NHTSA Concludes Chevrolet Volt Investigation
The National Highway Traffic Safety Administration has officially concluded its investigation of the Chevrolet Volt, determining that crashed Volts don’t pose a significant fire risk. In a press release, the agency reports, “Based on the available data, NHTSA does not believe that Chevy Volts or other electric vehicles pose a greater risk of fire than gasoline-powered vehicles.”
As we previously reported, a Chevrolet Volt caught fire several weeks after being crash tested by NHTSA. Researchers concluded that the Volt’s lithium-ion battery was damaged during crash tests, which led to the fire that occurred at the NHTSA testing facility.
Though NHTSA hadn’t received any real-world reports of damaged Volts catching fire, the agency opened a defects investigation in November following the vehicle fire. As a result, General Motors went overboard to ensure that Volt buyers were confident in the safety of their cars, first offering them loaner cars and then offering to buy back the vehicles from worried owners.
The 2012 Chevrolet Volt retained its top overall crash test score of five stars from NHTSA, despite the investigation. General Motors says that Volt owners should take their cars to their dealer to have their car further protected against the danger of fire by adding structural enhancements.
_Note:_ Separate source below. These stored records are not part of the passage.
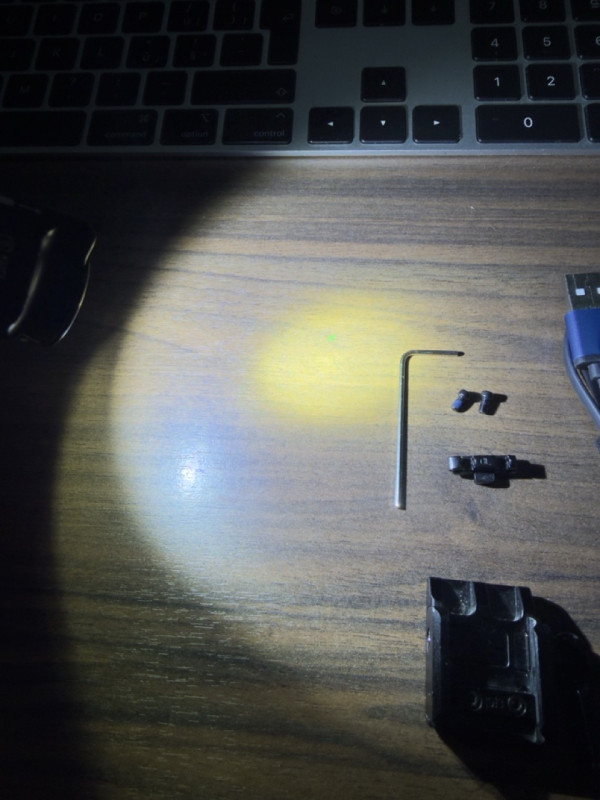 OLIGHT BALDR MINI 600lm s zeleným laserem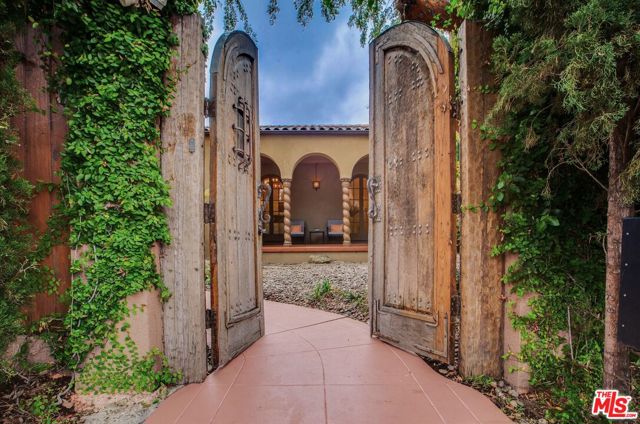 1900 N Serrano Avenue, Los Angeles CA: https://media.crmls.org/mediaz/c1b305cf-69e3-447b-a95a-5874e6abfc19.jpg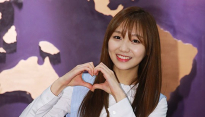 [메인포토] 러블리즈 류수정, ‘꼬마 요정의 하트’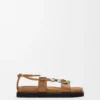Pebble-Perlen Fussbett-Sandale aus Nappa-Lammleder Pebble-Perlen Fussbett-Sandale aus Nappa-Lammleder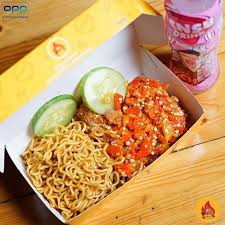 Nasi daun jeruk ala geprek bensu rekomended buat di coba. 10 Menu Geprek Bensu Paling Enak Yang Wajib Kamu Coba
Though NHTSA didn’t require GM to offer this fix, Autoblog reports that the agency “supports the modifications.”
Still, Congress has opened an investigation into the way General Motors and NHTSA are handling the situation. “The hearing will examine the administration's ‘handling of safety issues surrounding the lithium-ion battery system of the Chevrolet Volt and similar safety concerns of other advanced vehicle technologies,’” reports The Detroit News. “Republicans have questioned why NHTSA didn't make news of the first fire public earlier.”